Since the enactment of the Uniform Code of Military Justice (UCMJ) we have had episodic experience with courts-martial in combat situations. They were common in Vietnam but for many years after the withdrawal of U.S. forces from Vietnam, there were sections of the UCMJ and corresponding portions of the Manual for Courts-Martial that lay dormant. A large scale deployment made those dusty sections relevant quickly. Even in a highly disciplined and all volunteer force, there are situations that must be addressed to ensure discipline throughout the force. In 1990, during Desert Shield and Desert Storm, courts-martial were conducted near the front lines on the eve of the assault into Iraq.5 Courts-martial also addressed criminal misconduct in Panama and Haiti for situations that undermined military command authority and the law of armed conflict.6 In more recent years, courts-martial were routine in Iraq and Afghanistan and frequently involved either unique military offenses or scenarios that only arise in combat. Therefore, it is imperative that we can deploy fully formed military justice resources so that commanders have all options available when incidents of criminal misconduct occur.
Part of the wisdom for a judge advocate, and especially a staff judge advocate, is to realize how and where discipline, command authority, the warrior ethos, mission accomplishment, and military justice intersect. This unique practice of law is only accomplished by judge advocates—criminal trials during combat. As we contemplate the new National Defense Strategy and we train for potential confrontations between peer and near-peer opponents, we must ensure that we will always be ready to deliver premier military justice wherever we may be called upon to do our mission. TAL
1. Philip Sheldrake, The Business of Influence: Reframing Marketing and PR for the Digital Age 153 (Chichester: Wiley 2011) quoting Miles Kington.
2. Frederic L. Borch, Judge Advocates in Combat: Army Lawyers in Military Operations from Vietnam to Haiti 190 (2001) [hereinafter Judge Advocates in Combat]. Describing two courts-martial from 1st Armored Division. One involved the deliberate injury of a Soldier who shot himself to get returned to Germany; the other involved disobedience and other offenses by a Soldier who had claimed conscientious objector status.
3. U.S. Dep’t of Army, Pam 600-4, The Soldier’s Blue Book para. 10-4 (23 June 2017).
4. Judge Advocates in Combat, supra note 2.
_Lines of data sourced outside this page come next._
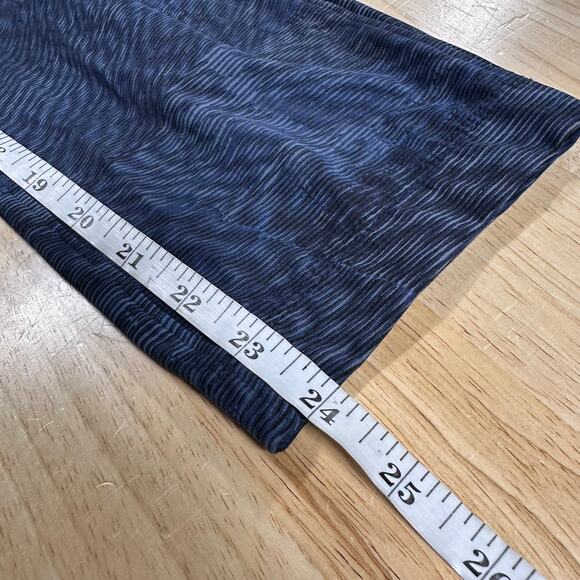 Lululemon On The Fly Pant Linear Flux Battleship Multi Women's Size 4 EUC - Picture 9 of 9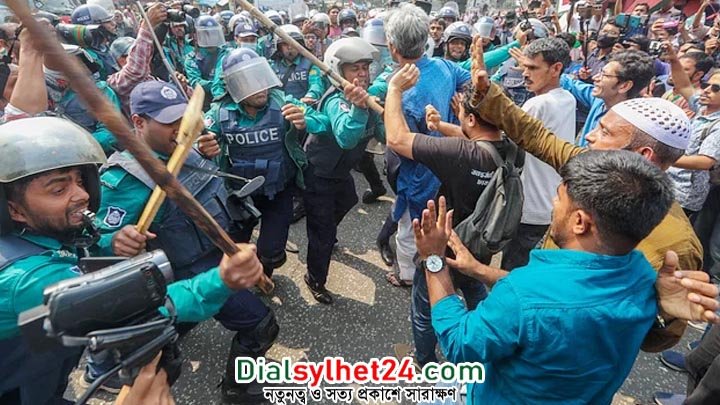 গণতন্ত্র মঞ্চের মিছিলে পুলিশের লাঠিচার্জ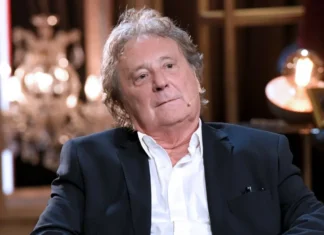 Tutte le ex famose di Enzo Iacchetti: dalla moglie Roberta alla showgirl Rosi Zamboni Le ex di Enzo Iacchetti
6. Judge Advocates in Combat is replete with stories and anecdotes of military discipline issues that arose quickly following deployment orders or the onset of the mission in theater. Id. Describing a court-martial for a Soldier who shot himself to avoid combat. Id. at 224. Describing the actions of Captain Rockwood and his defiance of orders. Id. at 247. Describing the court-martial of Captain David Wiggins for inter alia disobeying orders and conduct unbecoming an officer. Describing the court-martial of a specialist who publicly attempted to solicit Soldiers to go AWOL and avoid service after being activated out of the Louisiana National Guard. Id. at 190. Describing civilian deaths in Somalia that resulted in courts-martial. Id. at 212-214.